**Posted: April 16, 2013 at 1:15 pm **

Following are some thoughts on Reinforcement Learning (RL) in relation to the current conception of the project. Note this this assumes a basic introductory understanding of RL.

### State and Action Space

Lets say that each state is every possible arrangement of percepts. If there are say 15 percepts, and their degree of activation is binary (they appear or not, no degrees), then that would be 2^15 possible states, right? Additionally, each state could lead to 2^15 possible actions (one action for every possible activation of percepts). 15 percepts is absurd, even 100 is too few. I’m aiming for 1000s (visually speaking).

I realize that it’s possible to reduce the number of states by only allowing certain combinations of percepts, perhaps by “pruning” the state space, which we should talk about A typical single image has 70 segments, then it seems like 70 would be the lower-limit, and that seems to imply 2^70 possible states. Seems the action space could be smaller, but as of yet its unclear to me how to limit it.

Additionally by being Markovian, it seems that the future state may only depend on the current state, but I’m not sure this is true in this case. Can the current set of selected percepts really predict the next set without information from previous states?
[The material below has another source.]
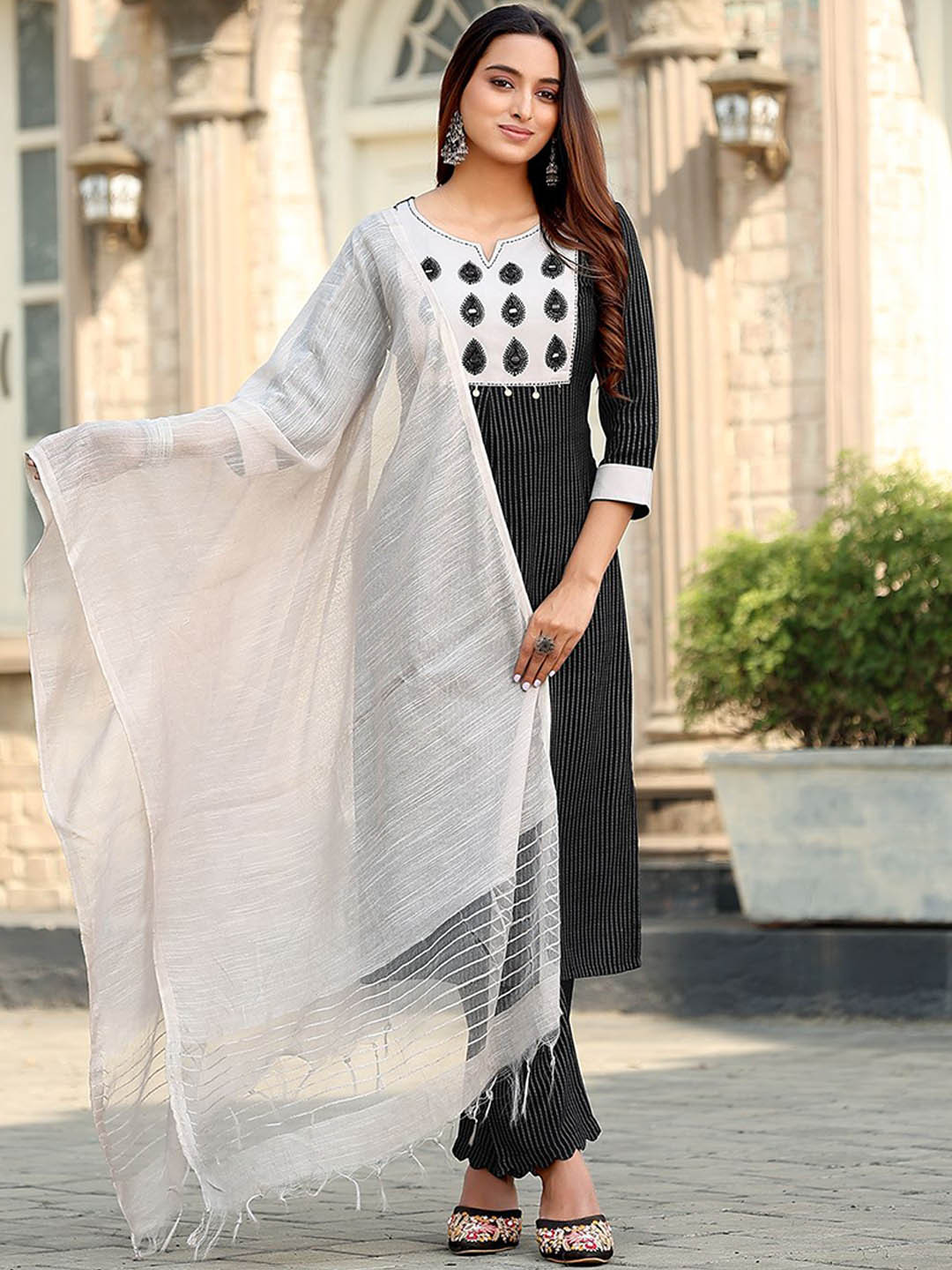 MITTOO Striped Printed Notch Neck Mirror Work Kurta with Trousers & Dupatta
For background percepts, It makes sense that the system could assume that the most likely next state would be the same as the current state (with minor chances of other states). For foreground percepts, the current state may have nothing to do with the next state. If we look at the plots of the number of foreground percepts over time on the blog, we see there are long gaps of no foreground, and its quite hard to see any structure there.

Then there is the issue of chimeric elements (fusions of multiple people / places). If the state-space is every possible collection of images and there are only transitions from seen combinations of percepts to previously seen combinations of percepts, so no fusions are possible. How could fusions be possible? One idea is if we break the state space into chunks, then we could have two different (incompatible) predictions in two different chunks, leading to impossible fusions. I have no idea on what basis the state-space would be broken up this way.
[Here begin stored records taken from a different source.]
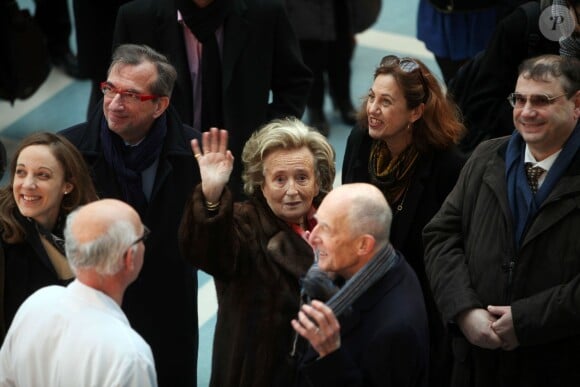 L'ex-première dame Bernadette Chirac, présidente de l'opération des Pièces jaunes, était à Lille, le 30 janvier 2014, pour remettre un chèque de 400 000 euros à la future maison familiale hospitalière (MFH). Elle y a rencontré Martine Aubry, maire de la ville.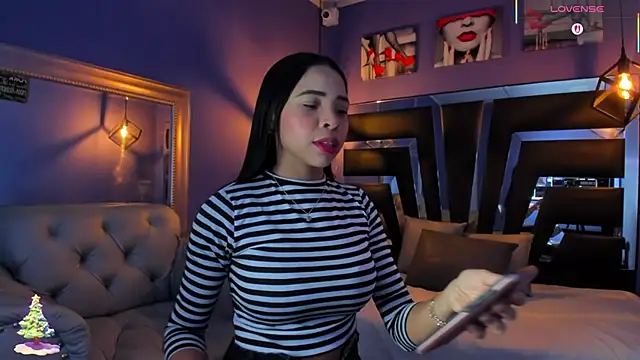 anne-brown13 online show from December 4, 2025, 1:42 pm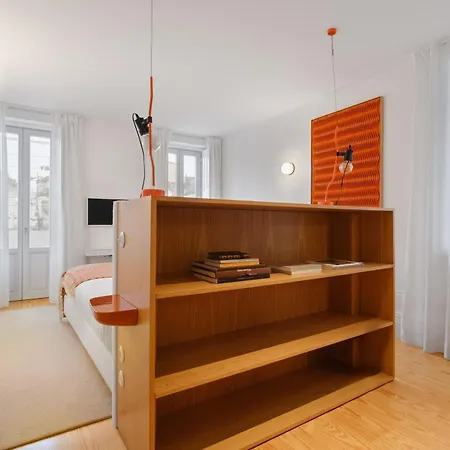 Retreat By Reframe In Oporto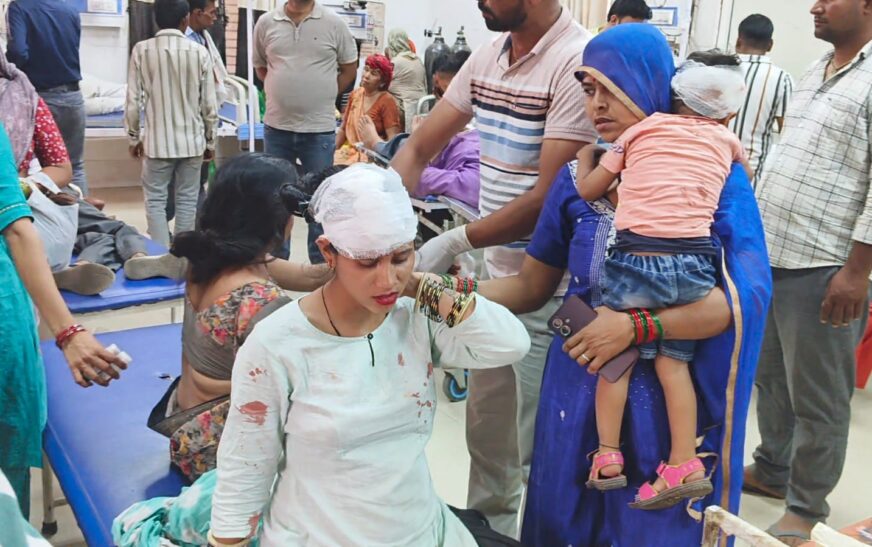 आगरा-अलीगढ़ हाईवे पर सवारियों से भरा टेंपो पलटा, एक वृद्ध की मौत, 8 घायल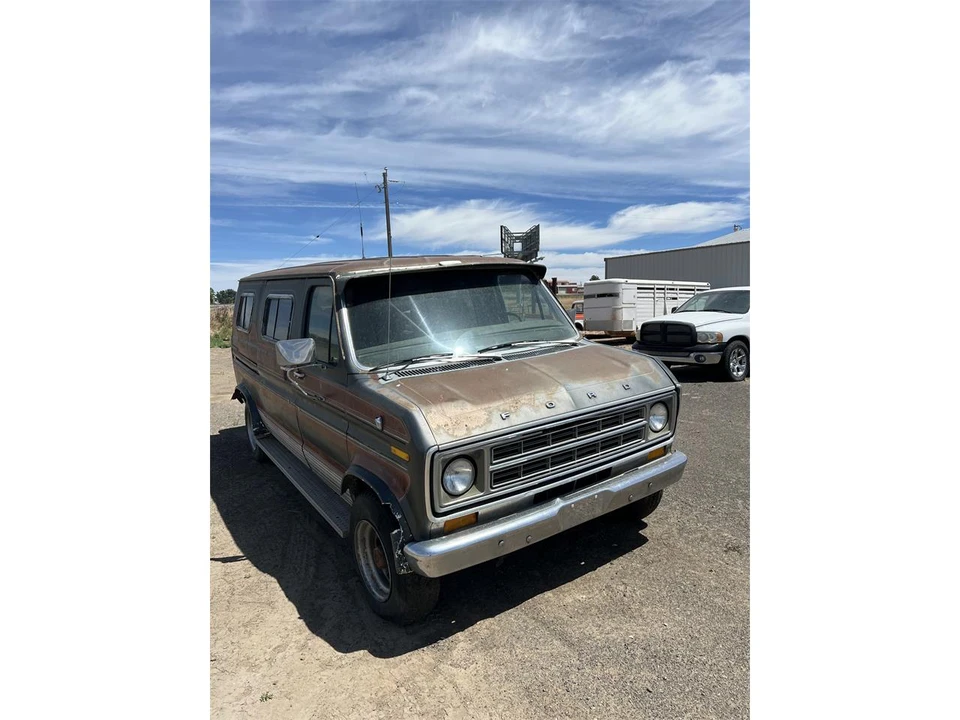 1977 Ford Econoline Van - Image 2 of 7
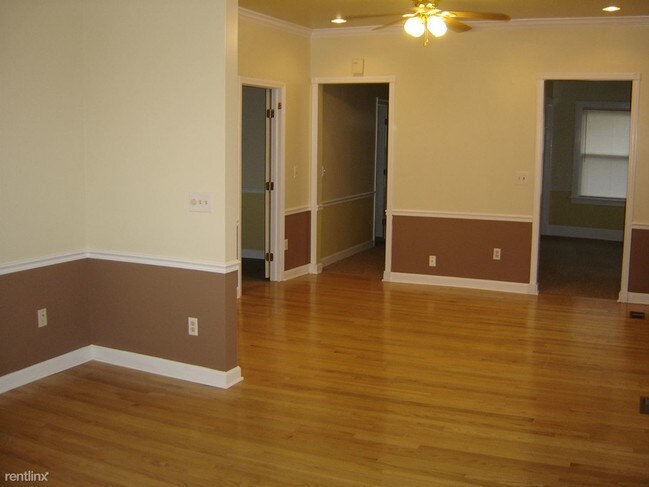 Foto del edificio - 609 Washtenaw Rd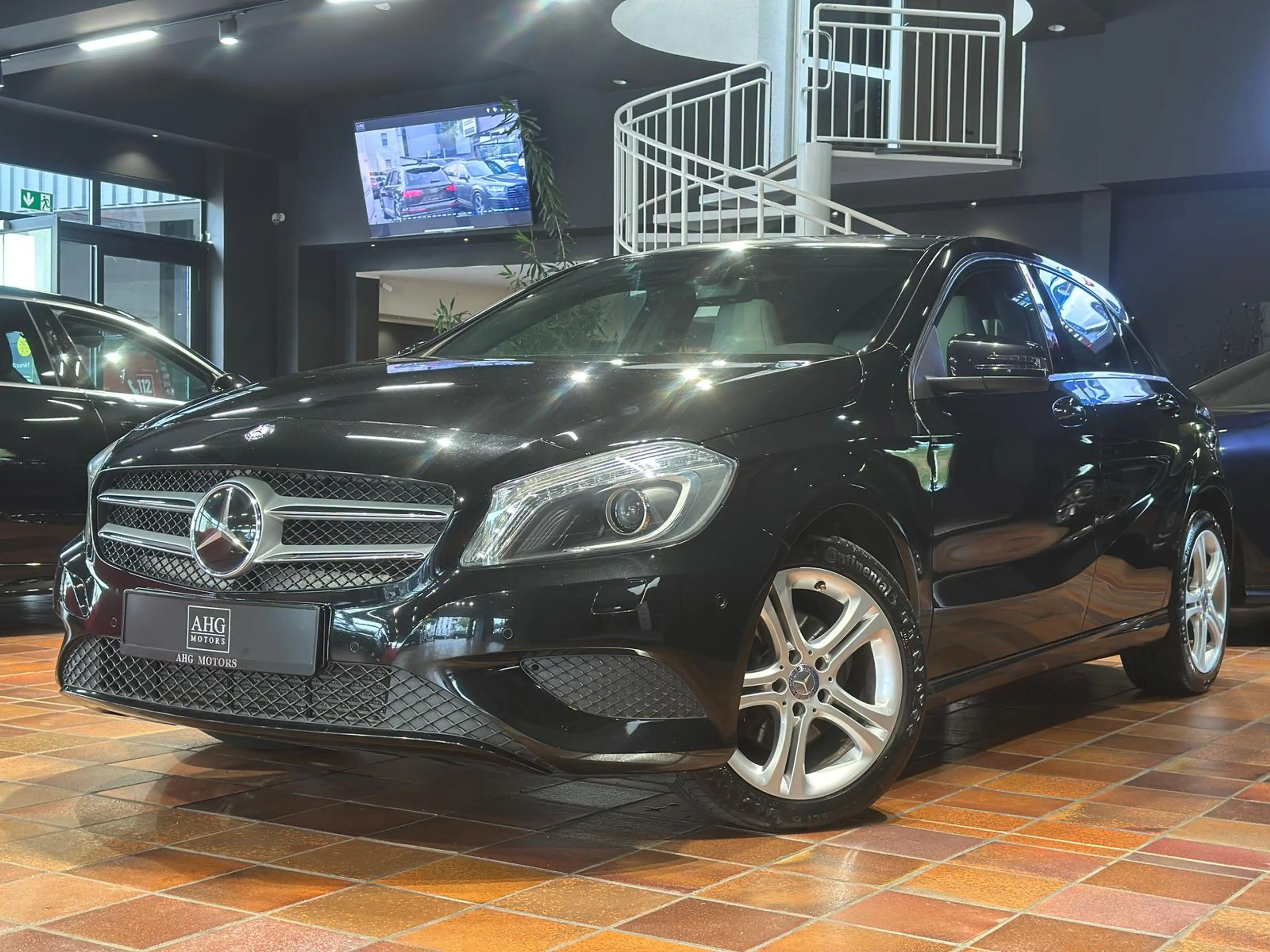 Mercedes-Benz A 200 A 200 d URBAN PANORAMA NAVI SPORTSITZE XENON 1HD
I remember we talked about using the circadian clock to provide a reference cycle for percepts. It does make sense that the foreground percepts are much more likely at particular times of day than others. Its unclear to me how RL would learn this… This may be back to a question of representation…

### Representation

While the core algorithms are fairly clear, I still don’t have a very good sense of how variables are represented. For example, maybe a more compact representation that could reduce the state space and maintain the number of percepts is possible.

There is also the issue of the fact that clusters (once the max has been reached) shift their values as they continue to integrate new sensory information. They don’t always represent the same thing, and its possible they shift a lot in content over time. How would this effect RL when each “state” could actually be changing over time?

I’m unclear on how policies are actually represented. It seems to make sense that the transition function and action selection would be stochastic, so learning would be manifest in the changes of probabilities from one state to another. What are the bounds of this table though? The probability that state B follows state A would be a really big table.

### Exploration vs Exploitation

Knowledge is always exploited during perception, mind-wandering and dreaming. Mind-wandering and dreaming could be “exploration”, where less likely probabilities are used in the prediction.

This could be controlled by habituation, such that maximal habituation causes actions to be selected based on their inverse probability?

What is the purpose of exploration when the maximal reward will always be the closest prediction for the next time-step? There is no location of the environment that has the potential to provide some hidden greater reward.

There is this thought of dreaming as memory consolidation. This would be manifest in pruning. How could exploration in RL result in pruning? (Could the exploration process be used to feed a possible “chunking” of the state-space as described earlier?)

For “exploration” to be useful, a reward must be given, but dreaming and mind-wandering are driven in the absence of external sensory information, and thus no reward is possible. Could expected reward come into play here?

Why would dreams be the selection of less likely actions? This would contribute to “bizareness” but in terms of theory dreams should be the same prediction as perception, always the most likely next state, its only the lack of external perception that leads dreams and mind-wandering to diverge from reality.

### Sketch of RL

I think DM3 should be model-free and myopic (no discount for future reward), and so it would be running on a non-discounted infinite horizon. Learning with Monte Carlo?

** S** The state space encodes all possible combinations of percepts (whose number is fixed once a max has been reading. Note this is not quite true because the we don’t stop adding percepts in the middle of segmenting a frame, so the max number of percepts is not exactly known in advance.

**The action space resembles the state space. It’s still all the possible combinations of all known percepts. An action is the selection of percepts (priming) that are expected next. There is no difference between S′ and A in this case, as actions have known effects.**

*A***This is unclear, but should be stochastic.**

*T***The distance between A and S, such that if S=A then the reward is maximal, if S is the opposite of A, then the reward is negative.**

*R*It seems that lots of the equations can be highly simplified for this context, though I’m not sure how it all fits together.